Planned seminars

Europe/Lisbon —

Nathan Benjamin, Princeton University

We apply the theory of harmonic analysis on the fundamental domain of $SL(2,\mathbb{Z})$ to partition functions of two-dimensional conformal field theories. We decompose the partition function of $c$ free bosons on a Narain lattice into eigenfunctions of the Laplacian of worldsheet moduli space $H/SL(2,\mathbb{Z})$, and of target space moduli space $O(c, c; \mathbb{Z})\backslash O(c, c; \mathbb{R})/O(c) × O(c)$. This decomposition manifests certain properties of Narain theories and ensemble averages thereof. We extend the application of spectral theory to partition functions of general two-dimensional conformal field theories, and explore its meaning in connection to $AdS_3$ gravity. An implication of harmonic analysis is that the local operator spectrum is fully determined by a certain subset of degeneracies.

Europe/Lisbon —

Sourav Roychowdhury, Chennai Mathematical Institute

In this talk I will discuss Klebanov-Tseytlin background and its non-Abelian T-dual geometry.
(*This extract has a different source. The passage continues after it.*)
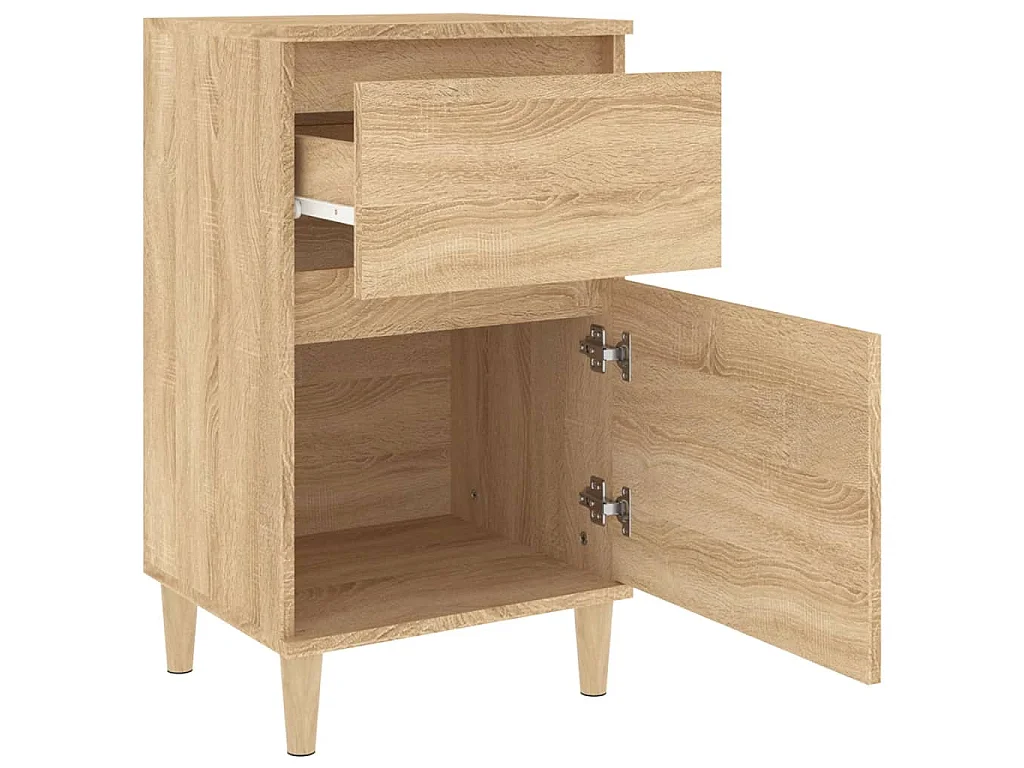 Comodini 2pz Rovere Sonoma 40x35x70 cm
In particular I will show that the T-dual background admits pp-wave geometry in the neighbourhood of appropriate null geodesic. I will make comments on possible dual gauge theory for our pp-wave background.

Europe/Lisbon —

Kiril Hristov, Sofia University

We reinterpret the OSV formula for the on-shell action/entropy function of asymptotically flat BPS black holes as a fixed point formula that is formally equivalent to a recent gluing proposal for asymptotically AdS$_4$ black holes. This prompts a conjecture that the complete perturbative answer for the most general gravitational building block of 4d $N = 2$ supergravity at a single fixed point takes the form of a Nekrasov-like partition function with equivariant parameters related to the higher-derivative expansion of the prepotential. In turn this leads to a simple localization-like proposal for a set of supersymmetric partition functions in (UV completed) 4d $N = 2$ supergravity theories. The conjecture is shown to be in agreement with a number of available results for different BPS backgrounds with both Minkowski and AdS asymptotics. In particular, it follows that the OSV formula comes from the unrefined limit of the general expression including only the so-called $\mathbb{W}$ tower of higher derivatives, while the on-shell action of pure (Euclidean) AdS$_4$ with round $S^3$ boundary comes from the NS limit that includes only the $\mathbb{T}$ tower.